TREC 2015 Total Recall Track -- Supplemental Guidelines

June 22, 2015

These guidelines expand on the Initial Draft Guidelines of May 3, 2015. Questions concerning the Total Recall Track may be directed to, and will be answered in, the Total Recall Discussion Group.

The "At-Home" phase of the Total Recall Track begins in one week (Monday, June 29) and extends through August 31. At the end of the At-Home phase, participants may submit a virtual machine implementation of their system for evaluation in the "Sandbox" phase. Groups may participate in At-Home, in Sandbox, or in both.

At-Home Datasets and Topics

The At-Home task will be divided into three "tests" (as defined in the guidelines) named athome1, athome2, and athome3. Each of the At-Home tests has ten topics and a single dataset, for a total of 30 topics. The datasets for the tests, respectively, contain 290,000 documents, 450,000 documents, and 900,000 documents.

Participants may conduct one or more full experiments, each of which consists of three runs -- one for each of athome1, athome2, and athome3 tests. Alternatively, groups with limited resources may conduct limited experiments, each consisting of a single run of athome1 test.

Access to the At-Home datasets, topics, and relevance assessments will be through the Assessment Server, which has been available, and will continue to be available throughout the At-Home task.

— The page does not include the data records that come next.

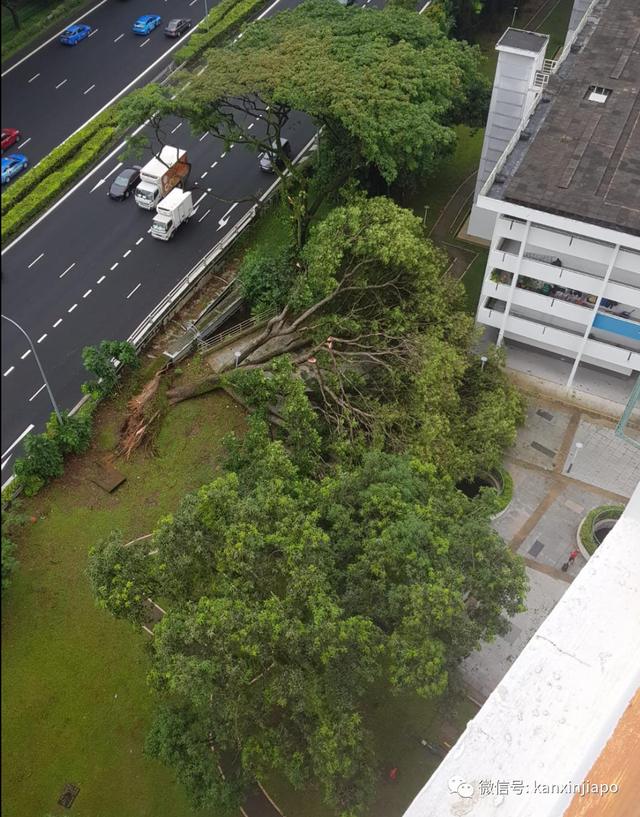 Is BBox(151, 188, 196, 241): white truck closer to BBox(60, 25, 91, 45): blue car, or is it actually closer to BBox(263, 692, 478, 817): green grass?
BBox(60, 25, 91, 45): blue car

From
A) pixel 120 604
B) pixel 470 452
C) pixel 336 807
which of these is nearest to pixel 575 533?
pixel 470 452

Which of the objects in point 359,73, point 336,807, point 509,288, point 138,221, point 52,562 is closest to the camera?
point 336,807

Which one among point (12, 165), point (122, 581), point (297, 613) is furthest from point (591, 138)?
point (12, 165)

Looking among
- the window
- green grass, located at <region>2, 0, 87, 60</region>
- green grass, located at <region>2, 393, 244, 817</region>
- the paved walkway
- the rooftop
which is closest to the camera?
green grass, located at <region>2, 393, 244, 817</region>

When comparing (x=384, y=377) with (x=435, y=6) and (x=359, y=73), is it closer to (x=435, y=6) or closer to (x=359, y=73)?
(x=359, y=73)

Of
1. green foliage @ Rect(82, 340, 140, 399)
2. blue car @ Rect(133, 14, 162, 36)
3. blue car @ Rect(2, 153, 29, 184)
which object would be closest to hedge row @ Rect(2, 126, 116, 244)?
blue car @ Rect(2, 153, 29, 184)

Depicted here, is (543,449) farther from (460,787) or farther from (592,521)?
(460,787)

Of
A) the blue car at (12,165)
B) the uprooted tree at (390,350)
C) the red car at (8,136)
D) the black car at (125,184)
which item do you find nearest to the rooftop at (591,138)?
the uprooted tree at (390,350) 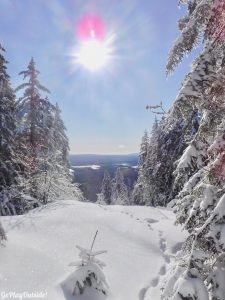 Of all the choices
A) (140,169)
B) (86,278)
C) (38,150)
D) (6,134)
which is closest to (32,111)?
(38,150)

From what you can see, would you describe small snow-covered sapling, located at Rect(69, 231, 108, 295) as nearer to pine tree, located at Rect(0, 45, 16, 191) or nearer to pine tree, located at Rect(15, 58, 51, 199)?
pine tree, located at Rect(0, 45, 16, 191)

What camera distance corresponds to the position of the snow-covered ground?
721cm

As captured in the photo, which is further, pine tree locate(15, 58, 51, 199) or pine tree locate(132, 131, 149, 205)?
pine tree locate(132, 131, 149, 205)

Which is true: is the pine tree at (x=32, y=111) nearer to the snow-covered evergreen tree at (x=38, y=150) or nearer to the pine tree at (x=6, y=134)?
the snow-covered evergreen tree at (x=38, y=150)

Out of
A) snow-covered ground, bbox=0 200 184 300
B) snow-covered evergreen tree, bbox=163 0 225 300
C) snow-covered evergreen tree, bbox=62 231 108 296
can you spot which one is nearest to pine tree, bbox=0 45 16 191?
snow-covered ground, bbox=0 200 184 300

NOTE: the Assessment Server will be down on Sunday, June 28, in order to configure it with the At-Home tests.

Automatic At-Home Participation

Each participant may conduct up to six automatic full or limited experiments, with each experiment applying a particular fully automated method to test athome1, and, in the case of a full experiment, also to tests athome2 and athome3. Participants should use a meaningful name (of their own choice) for each experiment, and enter that name as the "RUNNAME" in the Baseline Model Implementation ("BMI") configuration file, or as the ":alias" parameter in the API, or as "Run Alias" when using the manual Web interface.

NOTE: once an athome test run is created, its results will become part of the official TREC record. It is not possible to start over or to expunge a run.

Automatic experiments may interact with the assessment server either directly using its API, or using the code provided in the BMI.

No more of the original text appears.